スティルウォーターの映画専門家レビュー一覧

スティルウォーター

「スポットライト 世紀のスクープ」のトム・マッカーシーが、マット・デイモン主演で贈るサスペンス・スリラー。フランスのマルセイユを舞台に、殺人罪で服役する娘の無実を証明するため、真犯人を探し出そうとする父親が、やがて思わぬ真実に辿り着く。共演は「ゾンビランド:ダブルタップ」のアビゲイル・ブレスリン。
  • 米文学・文化研究

    冨塚亮平

    若い女性を襲ったある不幸な事件をめぐって展開する、階級・人種・性差をめぐる差異の力学が幾重にも絡み合う重厚で骨太な物語は見応え十分。

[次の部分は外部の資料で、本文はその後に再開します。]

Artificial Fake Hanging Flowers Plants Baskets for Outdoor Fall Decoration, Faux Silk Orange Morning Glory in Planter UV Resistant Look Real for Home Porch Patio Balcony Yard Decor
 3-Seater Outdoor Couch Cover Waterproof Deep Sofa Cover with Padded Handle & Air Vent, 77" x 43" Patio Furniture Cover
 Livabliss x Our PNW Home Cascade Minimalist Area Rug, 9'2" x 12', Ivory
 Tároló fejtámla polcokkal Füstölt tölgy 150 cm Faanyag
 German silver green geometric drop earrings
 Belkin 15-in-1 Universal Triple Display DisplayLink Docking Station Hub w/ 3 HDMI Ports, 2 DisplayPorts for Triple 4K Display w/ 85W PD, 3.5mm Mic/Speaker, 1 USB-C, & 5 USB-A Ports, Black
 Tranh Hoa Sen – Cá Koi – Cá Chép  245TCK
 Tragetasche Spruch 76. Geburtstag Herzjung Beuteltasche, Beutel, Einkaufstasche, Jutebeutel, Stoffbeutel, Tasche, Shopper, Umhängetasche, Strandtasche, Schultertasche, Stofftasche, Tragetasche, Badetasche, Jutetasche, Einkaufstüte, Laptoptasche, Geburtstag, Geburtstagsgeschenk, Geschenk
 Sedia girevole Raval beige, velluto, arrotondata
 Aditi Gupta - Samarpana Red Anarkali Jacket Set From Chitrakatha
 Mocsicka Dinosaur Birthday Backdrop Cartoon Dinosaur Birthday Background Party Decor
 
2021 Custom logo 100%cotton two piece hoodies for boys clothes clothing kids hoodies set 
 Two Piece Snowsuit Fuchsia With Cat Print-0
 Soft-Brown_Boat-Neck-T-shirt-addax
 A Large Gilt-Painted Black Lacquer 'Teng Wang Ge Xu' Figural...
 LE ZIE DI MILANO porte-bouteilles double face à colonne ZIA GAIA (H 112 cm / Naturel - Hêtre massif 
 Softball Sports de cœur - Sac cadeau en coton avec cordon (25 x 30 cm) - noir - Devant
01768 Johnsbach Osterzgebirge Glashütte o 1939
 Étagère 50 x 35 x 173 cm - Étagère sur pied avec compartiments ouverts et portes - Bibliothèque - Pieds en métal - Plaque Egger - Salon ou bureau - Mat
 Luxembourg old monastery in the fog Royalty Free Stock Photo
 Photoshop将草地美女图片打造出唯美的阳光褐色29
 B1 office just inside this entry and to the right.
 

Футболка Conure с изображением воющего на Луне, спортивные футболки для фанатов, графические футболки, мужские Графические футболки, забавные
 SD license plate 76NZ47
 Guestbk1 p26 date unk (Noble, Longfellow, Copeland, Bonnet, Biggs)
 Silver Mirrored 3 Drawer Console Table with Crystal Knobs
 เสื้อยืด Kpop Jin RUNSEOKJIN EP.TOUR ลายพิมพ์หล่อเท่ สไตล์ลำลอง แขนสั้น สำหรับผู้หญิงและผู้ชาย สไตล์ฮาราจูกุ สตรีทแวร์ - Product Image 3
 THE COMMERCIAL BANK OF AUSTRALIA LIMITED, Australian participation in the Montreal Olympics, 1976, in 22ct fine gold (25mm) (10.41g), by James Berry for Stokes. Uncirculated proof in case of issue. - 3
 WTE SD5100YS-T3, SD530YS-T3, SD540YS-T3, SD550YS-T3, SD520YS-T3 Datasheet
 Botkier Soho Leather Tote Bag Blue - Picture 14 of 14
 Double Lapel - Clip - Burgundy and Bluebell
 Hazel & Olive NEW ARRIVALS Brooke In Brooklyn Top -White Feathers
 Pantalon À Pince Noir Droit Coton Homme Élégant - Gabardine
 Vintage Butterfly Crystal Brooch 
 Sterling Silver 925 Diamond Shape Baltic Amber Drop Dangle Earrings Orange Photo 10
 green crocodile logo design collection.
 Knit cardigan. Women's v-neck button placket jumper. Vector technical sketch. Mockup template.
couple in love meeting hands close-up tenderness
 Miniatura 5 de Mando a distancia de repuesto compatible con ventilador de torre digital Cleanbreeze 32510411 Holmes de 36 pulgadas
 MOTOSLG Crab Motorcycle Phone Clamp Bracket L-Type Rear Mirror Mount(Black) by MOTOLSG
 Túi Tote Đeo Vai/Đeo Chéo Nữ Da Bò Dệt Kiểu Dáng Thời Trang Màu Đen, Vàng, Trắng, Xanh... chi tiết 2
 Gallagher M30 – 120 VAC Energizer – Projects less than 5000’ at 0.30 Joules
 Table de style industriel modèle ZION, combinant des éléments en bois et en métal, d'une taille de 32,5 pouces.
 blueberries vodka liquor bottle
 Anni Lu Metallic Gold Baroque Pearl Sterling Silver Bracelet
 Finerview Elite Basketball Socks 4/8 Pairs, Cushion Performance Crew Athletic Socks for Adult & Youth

マルセイユの風光明媚な景観の中で浮き続けるキャップにネルシャツ姿のマット・デイモンが、アメリカの白人労働者階級の紋切り型を過剰なほど強調しつつ、優しさと粗暴さを併せ持つ男を好演している。彼がほぼ共通点のないインテリ女優とその娘と一歩ずつ交流を深めていく展開の遅さには好感が持てたが、そのせいで尺が長くなりすぎた感も。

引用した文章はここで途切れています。